From the entries that follow, reproduce exactly and only the lines from the line with "add pasta into the skillet" to the line with "2025 Volkswagen Golf", endpoints included.
☆ ☆ ☆ ☆ ☆
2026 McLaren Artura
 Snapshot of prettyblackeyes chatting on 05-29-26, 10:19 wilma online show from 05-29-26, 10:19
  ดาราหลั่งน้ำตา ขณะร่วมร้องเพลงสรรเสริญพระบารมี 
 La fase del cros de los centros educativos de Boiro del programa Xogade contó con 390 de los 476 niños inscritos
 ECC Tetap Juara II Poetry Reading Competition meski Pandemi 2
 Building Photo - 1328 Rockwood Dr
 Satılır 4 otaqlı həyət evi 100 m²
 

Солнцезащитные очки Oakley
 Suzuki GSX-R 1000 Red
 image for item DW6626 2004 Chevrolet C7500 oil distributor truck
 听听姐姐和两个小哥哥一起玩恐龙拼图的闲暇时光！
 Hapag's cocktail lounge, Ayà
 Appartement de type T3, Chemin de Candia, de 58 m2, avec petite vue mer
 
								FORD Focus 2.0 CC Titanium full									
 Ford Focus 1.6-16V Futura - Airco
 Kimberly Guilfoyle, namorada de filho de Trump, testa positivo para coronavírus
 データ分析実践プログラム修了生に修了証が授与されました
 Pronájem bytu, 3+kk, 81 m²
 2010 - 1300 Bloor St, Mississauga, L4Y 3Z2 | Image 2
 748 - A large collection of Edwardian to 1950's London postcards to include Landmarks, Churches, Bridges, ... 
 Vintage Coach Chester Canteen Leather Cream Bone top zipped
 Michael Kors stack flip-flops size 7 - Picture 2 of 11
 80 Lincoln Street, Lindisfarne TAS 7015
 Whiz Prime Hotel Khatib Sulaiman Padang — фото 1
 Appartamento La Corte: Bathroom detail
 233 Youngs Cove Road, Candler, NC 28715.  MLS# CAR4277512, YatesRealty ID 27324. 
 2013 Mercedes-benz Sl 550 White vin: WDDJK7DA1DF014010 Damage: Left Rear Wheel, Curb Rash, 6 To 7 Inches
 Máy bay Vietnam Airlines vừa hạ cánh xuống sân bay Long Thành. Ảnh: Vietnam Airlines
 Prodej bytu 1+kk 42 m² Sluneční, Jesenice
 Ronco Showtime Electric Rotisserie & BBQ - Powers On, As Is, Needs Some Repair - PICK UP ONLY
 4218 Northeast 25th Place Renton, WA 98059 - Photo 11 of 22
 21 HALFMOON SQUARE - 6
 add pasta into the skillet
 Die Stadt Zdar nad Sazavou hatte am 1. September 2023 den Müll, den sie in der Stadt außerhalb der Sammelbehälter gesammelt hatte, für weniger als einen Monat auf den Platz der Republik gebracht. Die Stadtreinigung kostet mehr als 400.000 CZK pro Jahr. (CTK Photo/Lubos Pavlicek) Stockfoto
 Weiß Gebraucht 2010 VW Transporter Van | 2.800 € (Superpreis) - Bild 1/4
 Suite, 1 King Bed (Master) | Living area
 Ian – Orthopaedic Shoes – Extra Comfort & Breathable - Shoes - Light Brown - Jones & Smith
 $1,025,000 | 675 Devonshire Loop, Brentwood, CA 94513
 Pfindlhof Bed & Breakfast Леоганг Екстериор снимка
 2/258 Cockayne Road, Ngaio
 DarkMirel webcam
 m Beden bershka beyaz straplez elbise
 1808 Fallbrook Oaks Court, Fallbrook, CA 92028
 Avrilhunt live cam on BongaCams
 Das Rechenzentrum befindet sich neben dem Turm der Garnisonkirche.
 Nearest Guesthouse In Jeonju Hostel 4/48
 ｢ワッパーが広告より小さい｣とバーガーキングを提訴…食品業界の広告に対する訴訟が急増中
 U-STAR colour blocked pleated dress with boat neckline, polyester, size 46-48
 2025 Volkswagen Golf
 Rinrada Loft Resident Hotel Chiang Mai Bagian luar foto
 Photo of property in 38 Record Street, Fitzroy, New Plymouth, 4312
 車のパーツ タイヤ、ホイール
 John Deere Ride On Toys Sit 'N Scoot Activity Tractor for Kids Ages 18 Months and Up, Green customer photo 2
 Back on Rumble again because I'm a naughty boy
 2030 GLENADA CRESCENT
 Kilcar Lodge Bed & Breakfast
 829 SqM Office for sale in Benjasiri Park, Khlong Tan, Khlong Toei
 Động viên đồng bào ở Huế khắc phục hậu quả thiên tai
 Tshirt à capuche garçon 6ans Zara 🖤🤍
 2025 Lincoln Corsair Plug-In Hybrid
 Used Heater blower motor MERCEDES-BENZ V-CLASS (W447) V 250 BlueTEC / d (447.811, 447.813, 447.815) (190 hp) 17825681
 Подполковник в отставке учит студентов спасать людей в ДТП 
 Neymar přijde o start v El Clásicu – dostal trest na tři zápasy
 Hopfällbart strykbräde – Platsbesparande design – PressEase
☆ ☆ ☆ ☆ ☆
**SOLUTION TO THIS PROBLEM**
 add pasta into the skillet
 Die Stadt Zdar nad Sazavou hatte am 1. September 2023 den Müll, den sie in der Stadt außerhalb der Sammelbehälter gesammelt hatte, für weniger als einen Monat auf den Platz der Republik gebracht. Die Stadtreinigung kostet mehr als 400.000 CZK pro Jahr. (CTK Photo/Lubos Pavlicek) Stockfoto
 Weiß Gebraucht 2010 VW Transporter Van | 2.800 € (Superpreis) - Bild 1/4
 Suite, 1 King Bed (Master) | Living area
 Ian – Orthopaedic Shoes – Extra Comfort & Breathable - Shoes - Light Brown - Jones & Smith
 $1,025,000 | 675 Devonshire Loop, Brentwood, CA 94513
 Pfindlhof Bed & Breakfast Леоганг Екстериор снимка
 2/258 Cockayne Road, Ngaio
 DarkMirel webcam
 m Beden bershka beyaz straplez elbise
 1808 Fallbrook Oaks Court, Fallbrook, CA 92028
 Avrilhunt live cam on BongaCams
 Das Rechenzentrum befindet sich neben dem Turm der Garnisonkirche.
 Nearest Guesthouse In Jeonju Hostel 4/48
 ｢ワッパーが広告より小さい｣とバーガーキングを提訴…食品業界の広告に対する訴訟が急増中
 U-STAR colour blocked pleated dress with boat neckline, polyester, size 46-48
 2025 Volkswagen Golf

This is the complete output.